WORK ORDER:
Lines from the one containing "[ 1-1] 矢代日吉神社田楽（第一回）." through the final line of the data, restated word for word and free of pictures, make up the whole answer.

^^^^^^^^

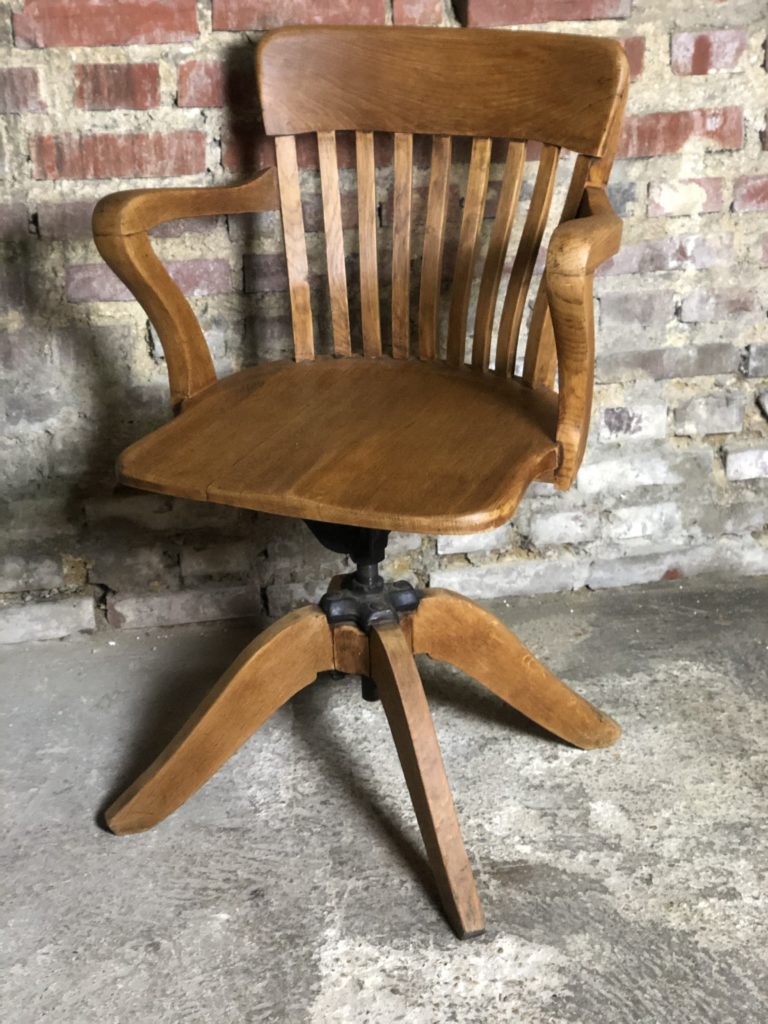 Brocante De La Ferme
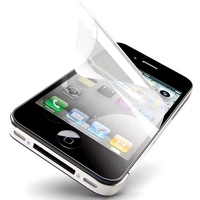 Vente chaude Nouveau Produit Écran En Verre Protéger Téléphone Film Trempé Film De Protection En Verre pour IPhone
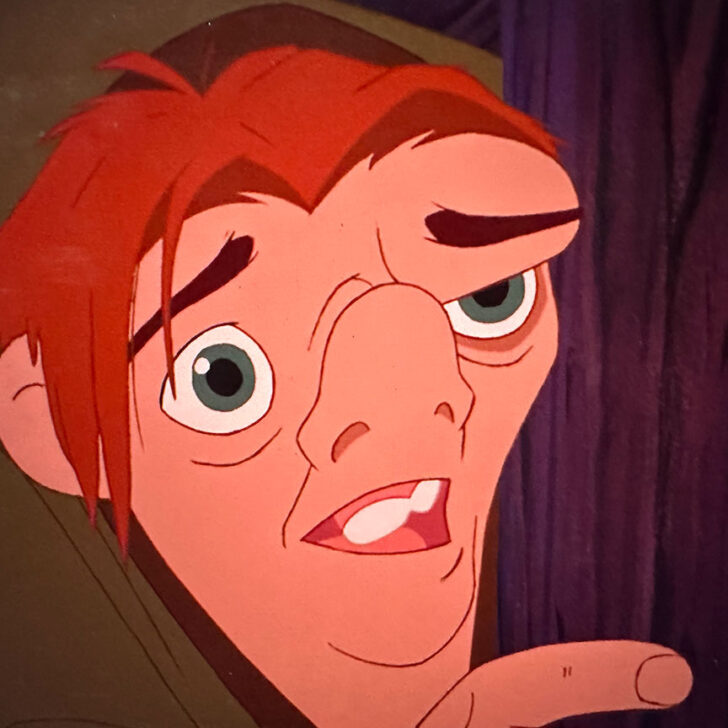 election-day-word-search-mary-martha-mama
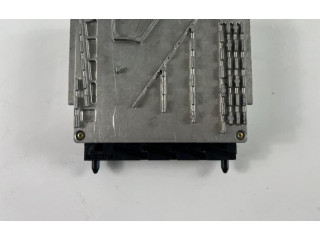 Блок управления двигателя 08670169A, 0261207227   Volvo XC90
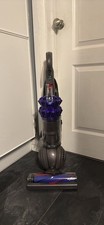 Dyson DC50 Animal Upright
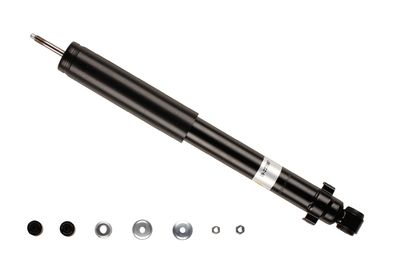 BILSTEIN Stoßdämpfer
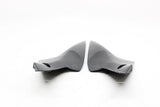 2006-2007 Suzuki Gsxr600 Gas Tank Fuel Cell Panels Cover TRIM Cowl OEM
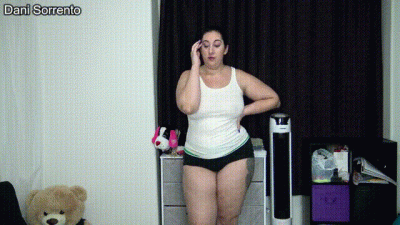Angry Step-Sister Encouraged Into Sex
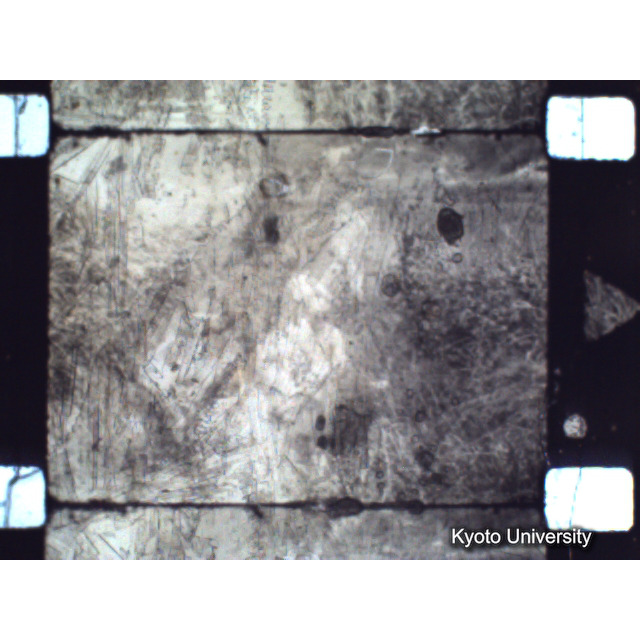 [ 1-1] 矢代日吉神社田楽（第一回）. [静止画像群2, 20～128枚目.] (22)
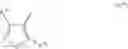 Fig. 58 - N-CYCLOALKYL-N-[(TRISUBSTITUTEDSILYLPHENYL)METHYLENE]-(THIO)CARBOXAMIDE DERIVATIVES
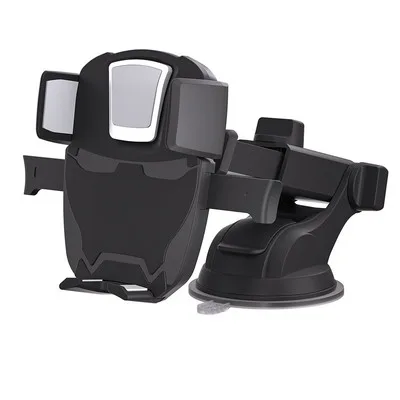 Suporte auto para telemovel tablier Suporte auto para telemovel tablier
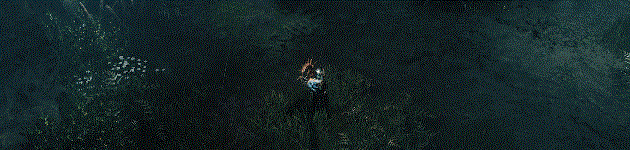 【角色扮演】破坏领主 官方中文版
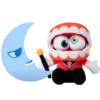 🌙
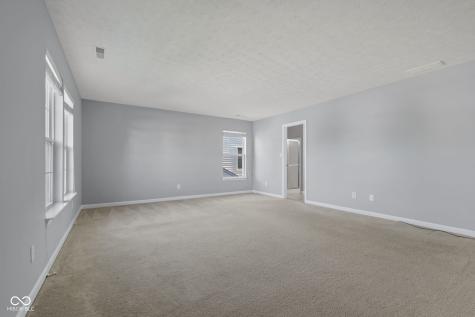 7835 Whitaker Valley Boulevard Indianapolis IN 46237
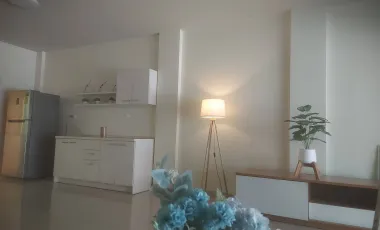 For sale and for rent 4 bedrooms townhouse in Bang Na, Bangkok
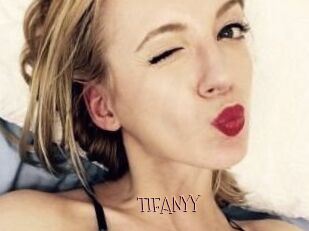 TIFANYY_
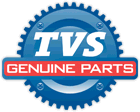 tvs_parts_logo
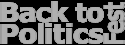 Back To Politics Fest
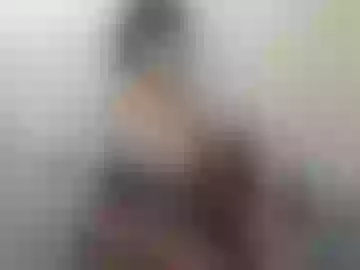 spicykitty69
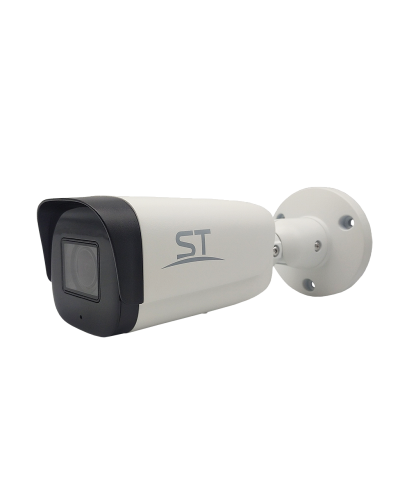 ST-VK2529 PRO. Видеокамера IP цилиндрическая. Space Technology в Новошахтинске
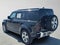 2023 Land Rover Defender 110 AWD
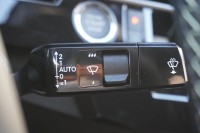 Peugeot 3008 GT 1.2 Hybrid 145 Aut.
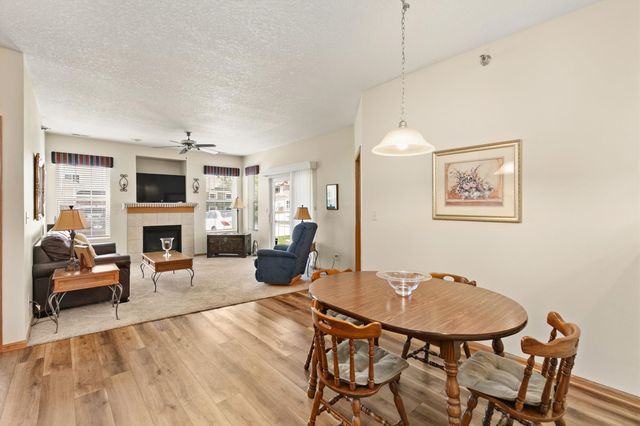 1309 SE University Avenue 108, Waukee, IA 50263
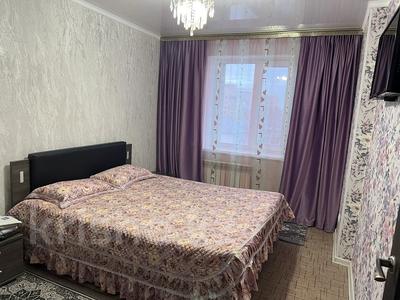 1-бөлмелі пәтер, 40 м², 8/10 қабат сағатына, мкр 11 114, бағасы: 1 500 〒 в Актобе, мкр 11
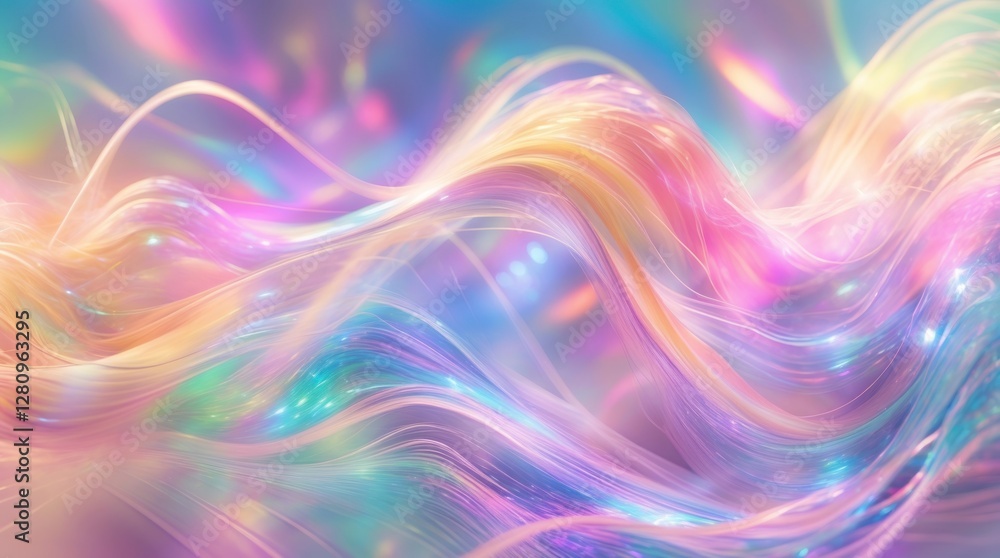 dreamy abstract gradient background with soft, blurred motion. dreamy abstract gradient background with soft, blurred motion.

^^^^^^^^

EXERCISE ANSWER:
 [ 1-1] 矢代日吉神社田楽（第一回）. [静止画像群2, 20～128枚目.] (22)
 Fig. 58 - N-CYCLOALKYL-N-[(TRISUBSTITUTEDSILYLPHENYL)METHYLENE]-(THIO)CARBOXAMIDE DERIVATIVES
 Suporte auto para telemovel tablier Suporte auto para telemovel tablier
 【角色扮演】破坏领主 官方中文版
 🌙
 7835 Whitaker Valley Boulevard Indianapolis IN 46237
 For sale and for rent 4 bedrooms townhouse in Bang Na, Bangkok
 TIFANYY_
 tvs_parts_logo
 Back To Politics Fest
 spicykitty69
 ST-VK2529 PRO. Видеокамера IP цилиндрическая. Space Technology в Новошахтинске
 2023 Land Rover Defender 110 AWD
 Peugeot 3008 GT 1.2 Hybrid 145 Aut.
 1309 SE University Avenue 108, Waukee, IA 50263
 1-бөлмелі пәтер, 40 м², 8/10 қабат сағатына, мкр 11 114, бағасы: 1 500 〒 в Актобе, мкр 11
 dreamy abstract gradient background with soft, blurred motion. dreamy abstract gradient background with soft, blurred motion.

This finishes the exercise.